The inaugural Zeroday Cloud hacking competition in London has awarded security researchers a total of $320,000 for uncovering and demonstrating critical zero-day vulnerabilities in core cloud infrastructure components. Hosted by Wiz Research in partnership with major cloud providers like AWS, Microsoft, and Google, the event focused on identifying exploits in widely used database and container technologies.
Researchers achieved an 85% success rate across 13 hacking sessions, revealing 11 previously unknown flaws. The first day saw $200,000 awarded for exploits targeting Redis, PostgreSQL, Grafana, and the Linux kernel. On the second day, an additional $120,000 was granted for further compromises of Redis, PostgreSQL, and MariaDB. A particularly significant find was a container escape vulnerability in the Linux kernel, which could break the isolation between cloud tenants.

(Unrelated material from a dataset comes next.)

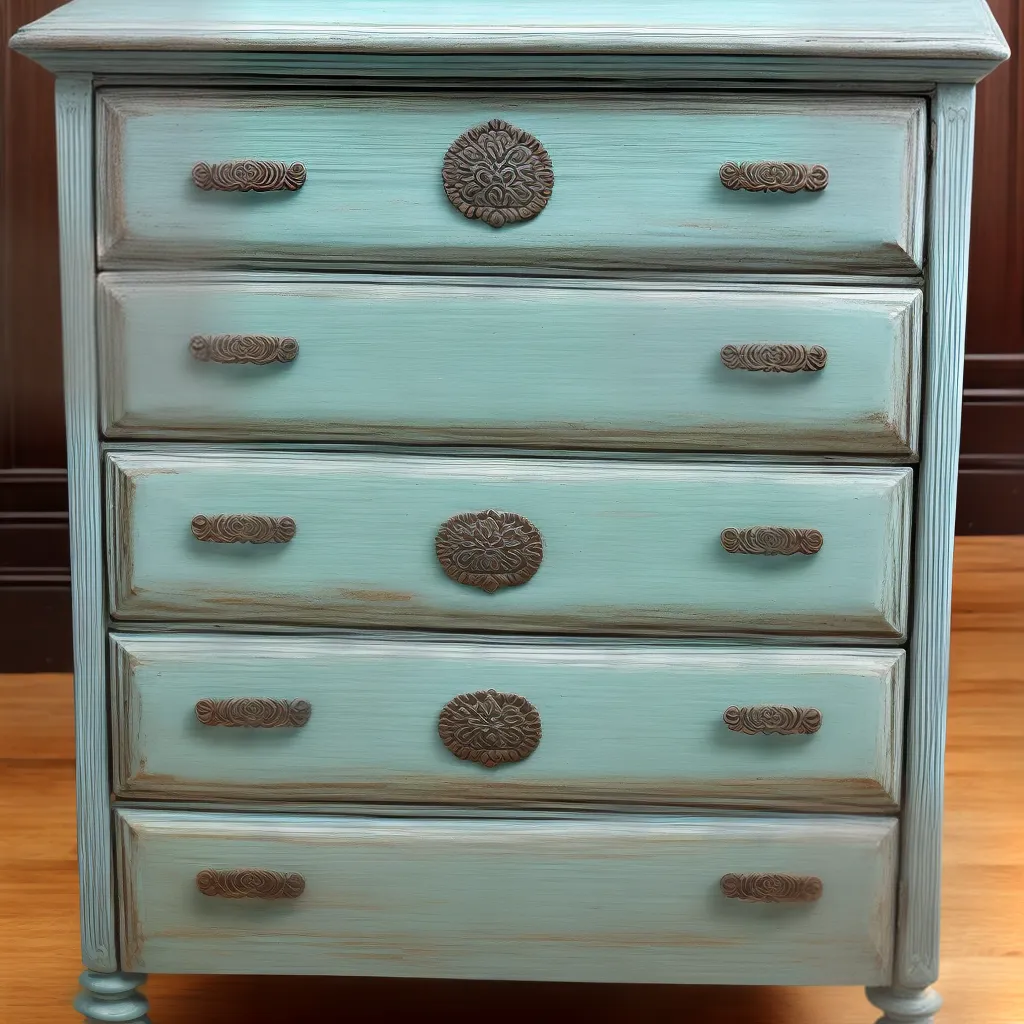 comoda antiga restaurada azul pastel 1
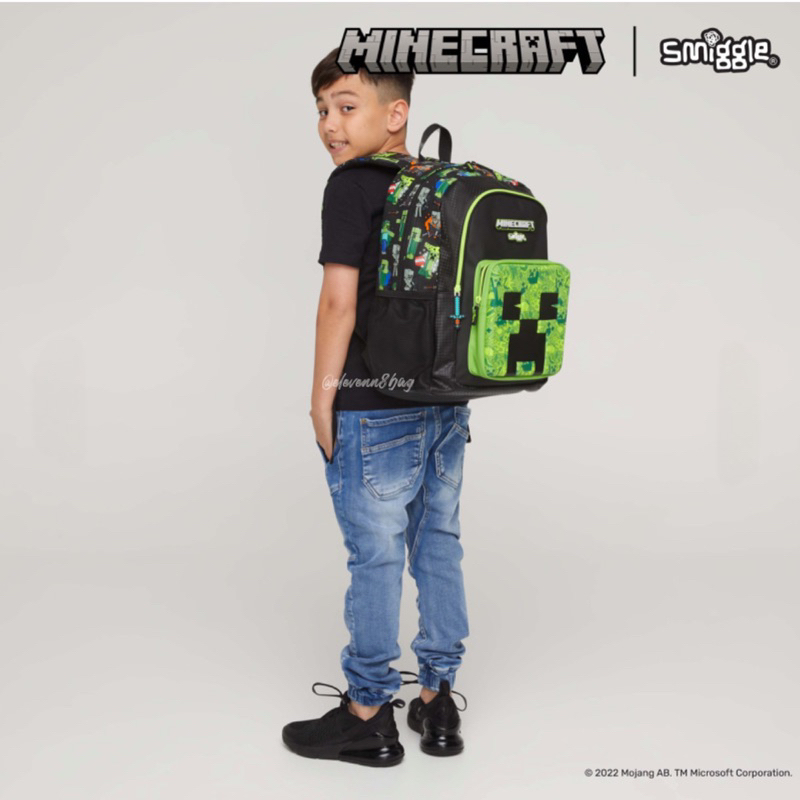 Smiggle Minecraft Mojang Tas Anak Cowok Tas Anak Laki Laki Botol Minecraft Dompet Minecraft Tas Beka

While successful in database and kernel targets, attempts to exploit AI inference platforms like vLLM and Ollama were unsuccessful. Team Xint Code emerged as the overall champion, earning $90,000 for three separate exploits. Despite the substantial payout, the total awarded represents only a small portion of the event's $4.5 million potential prize pool, as many other critical categories—including Kubernetes, Docker, and major web servers—remained unexploited.